::: Extracted entries

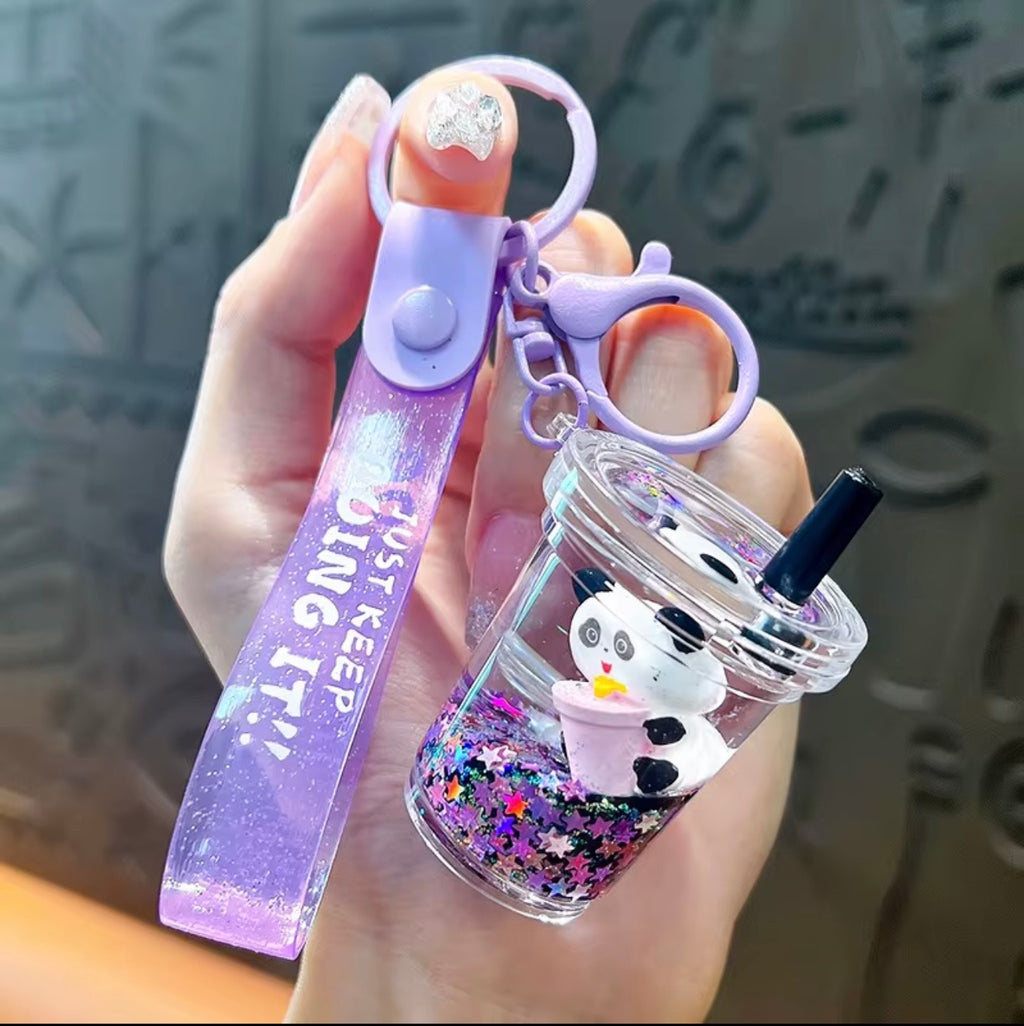 cute cartoon keychain pendant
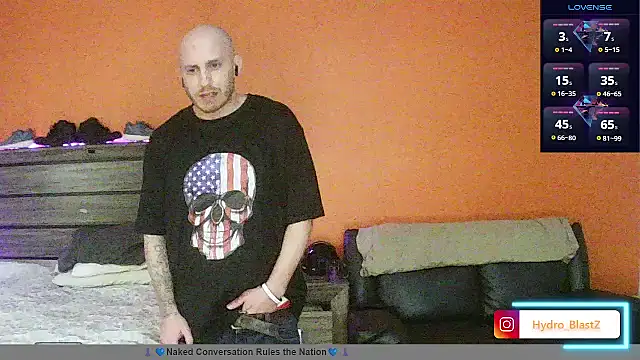 Hydro-Blastz online show from 03.18.25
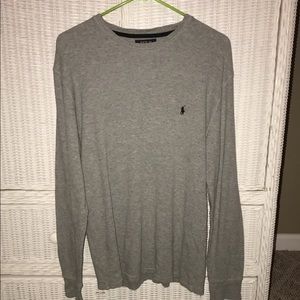 Men’s Polo Sweatshirt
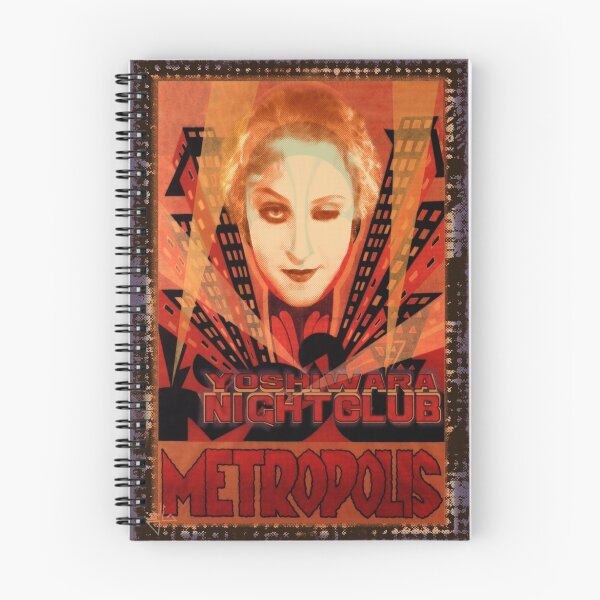 Item preview, yoshiwara nightclub - metropolis designed and sold by dennis-gaylor.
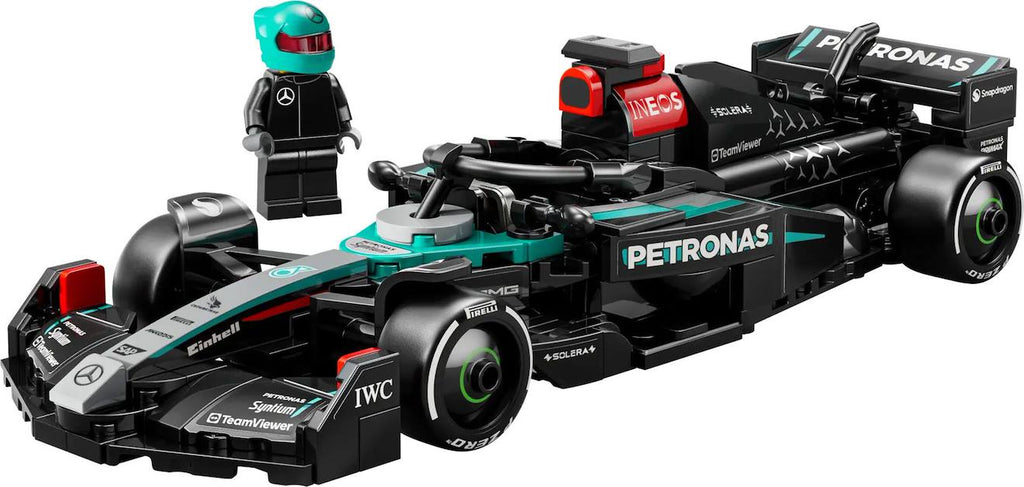 LEGO Speed Champions - voiture f1 mercedes-amg w15 - 77244 multicolore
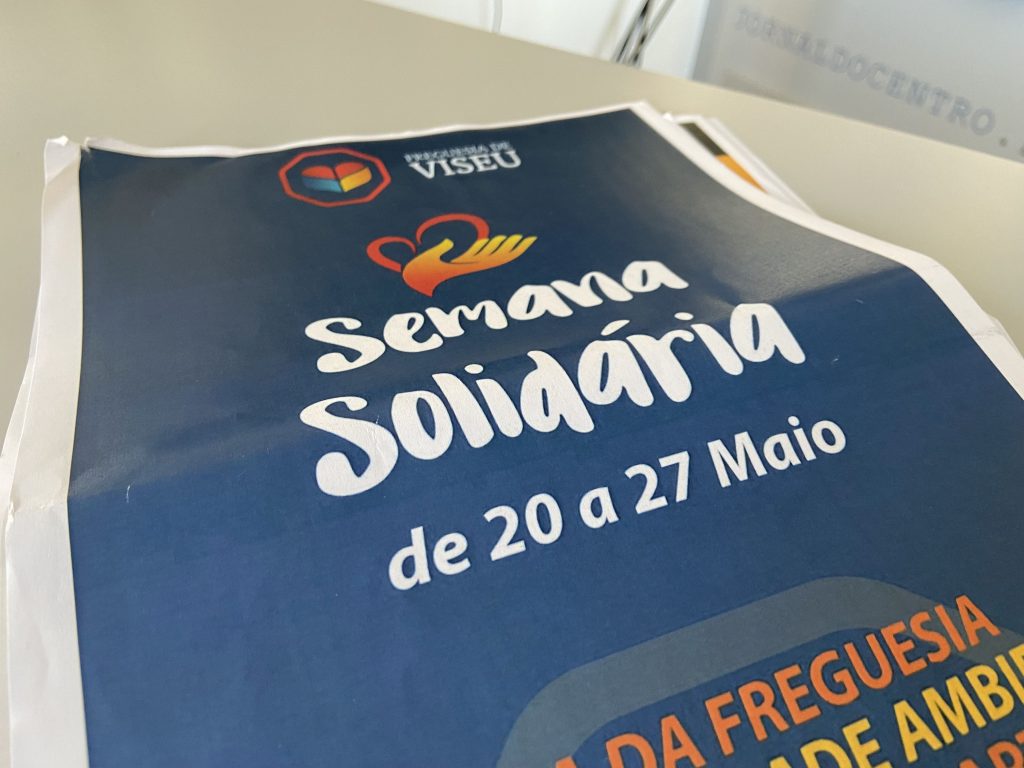  Saúde, cultura, habitação e ambiente em destaque na Semana Solidária de Viseu - Jornal do Centro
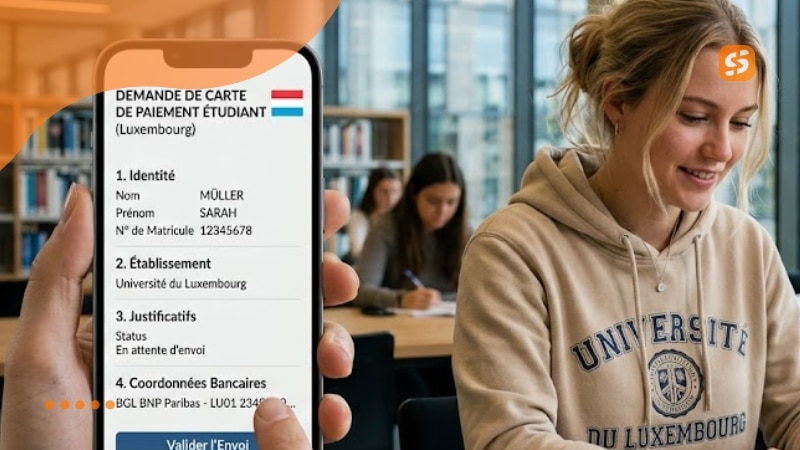 carte bancaire étudiant Luxembourg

::::::

Requirement: Going from the line that holds "Men’s Polo Sweatshirt" to the end of the listing above, copy each line exactly and nothing more, leaving pictures aside.

Solution for this exercise:
 Men’s Polo Sweatshirt
 Item preview, yoshiwara nightclub - metropolis designed and sold by dennis-gaylor.
 LEGO Speed Champions - voiture f1 mercedes-amg w15 - 77244 multicolore
  Saúde, cultura, habitação e ambiente em destaque na Semana Solidária de Viseu - Jornal do Centro
 carte bancaire étudiant Luxembourg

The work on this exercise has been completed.